Taken together, our approach can analyse large amounts of high-throughput datasets to produce relatively focused and comprehensible results that capture the most consistent aspects of the raw data. The method can therefore discover those subsets of genes most consistently co-expressed under various conditions.


We have applied the Bi-CoPaM method over genome-wide data from forty microarray datasets with wide range of different biological contexts and experimental conditions in order to identify the subsets of budding yeast genes that are most consistently co-expressed. We found two clusters of genes that have significant consistency of co-expressions, which we have labelled as RRB (C1) and APha-RiB (C2). These two clusters preserved their status as the tightest two clusters at varying values of K, which shows their importance as well as the robustness of the proposed Bi-CoPaM approach. By GO analysis, C1 has been found to be highly enriched with ribosome biogenesis and rRNA processing (RRB) genes. On the other hand, most of the genes included in C2 have unknown or apparently unrelated functions.
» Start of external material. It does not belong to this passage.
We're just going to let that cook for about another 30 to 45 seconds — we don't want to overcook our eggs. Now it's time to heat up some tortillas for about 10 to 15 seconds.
Finding RRB genes (C1) in the tightest cluster by this completely unsupervised approach, confirms not only that these genes are consistently co-expressed under various conditions [9], but also that they are the most consistently co-expressed genes across the whole genome. Additionally, our C1 cluster includes few genes with unknown processes that may be worthy of biological investigation.
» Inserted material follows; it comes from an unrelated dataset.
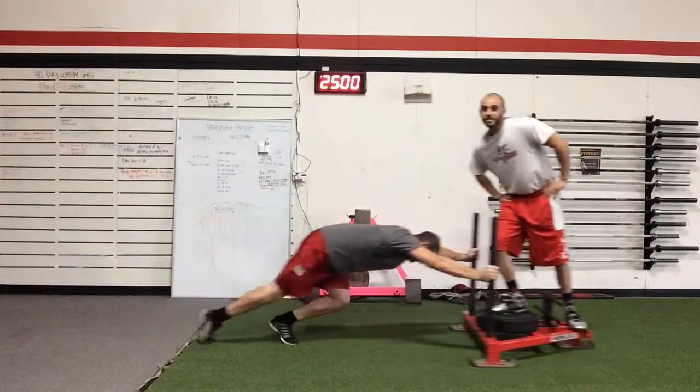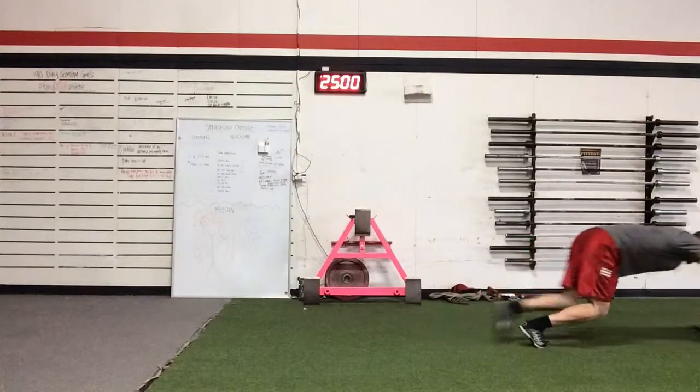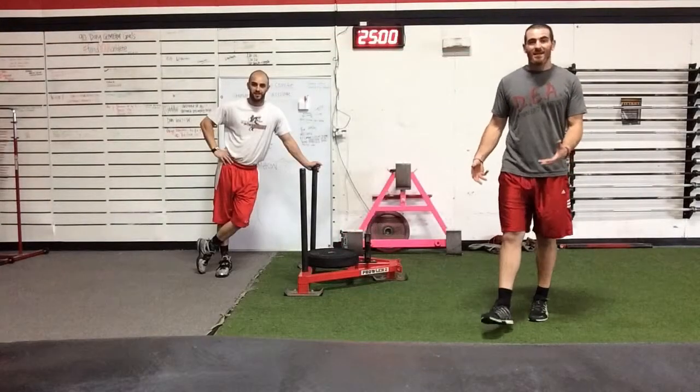This week on 30 Second Thursday, Derrick's pushing me on the sled. Today we're going over the sled push.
The most interesting cluster of genes in our results appears to be C2, and this is for three main reasons – first, these genes are mostly unknown or apparently unrelated to each other, despite the fact that they are the second most consistently co-expressed subset of genes in budding yeast; second, their average expression profiles show consistently anti-phase (opposite) expression to the average expression profiles of RRB genes (C1) across all of the forty datasets; and third, significant genetic and protein-protein physical interactions have been reported between them by high-throughput studies in the literature. These observations lead us to label C2 as the subset of genes in anti-phase with ribosome biogenesis (APha-RiB), to suggest that many of the unknown genes in APha-RiB (C2), such as YIR016W, may participate in different generic, in contrast to specific, stress response mechanisms, and to suggest that RRB genes (C1) and the APha-RiB genes (C2) may be transcriptionally regulated by common machinery or that their regulation machineries may be controlled by common post-translational regulators. We have identified potential factors that might be involved in such reciprocal regulation, for example Azf1p and Stb3p.
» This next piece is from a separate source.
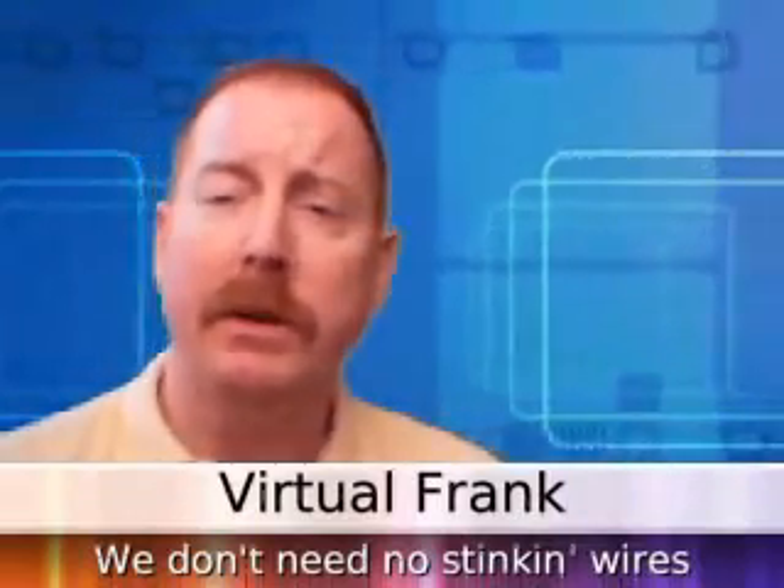Hi Virtual Frank, I just bought a wireless router and I'm having trouble setting it up. Do you think you could help? Yes, I choose to accept this mission. Hey all, Virtual Frank back with another informative show. Michelle's asked a very tough question, but I'm here to give you an easy answer. Today, I'll show you how to set up your wireless router at your house or apartment.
This study has yielded globally consistent co-expression in budding yeast and produced new, focused insights for future work to elucidate and confirm the components of the common regulatory machinery for RRB and APha-RiB, and to define the function of poorly characterised genes in both clusters. The results from the application of the Bi-CoPaM method to yeast datasets strongly suggests that it may be helpful for the analysis of other groups of microarray datasets from other species and systems for the exploration of global genetic co-expression.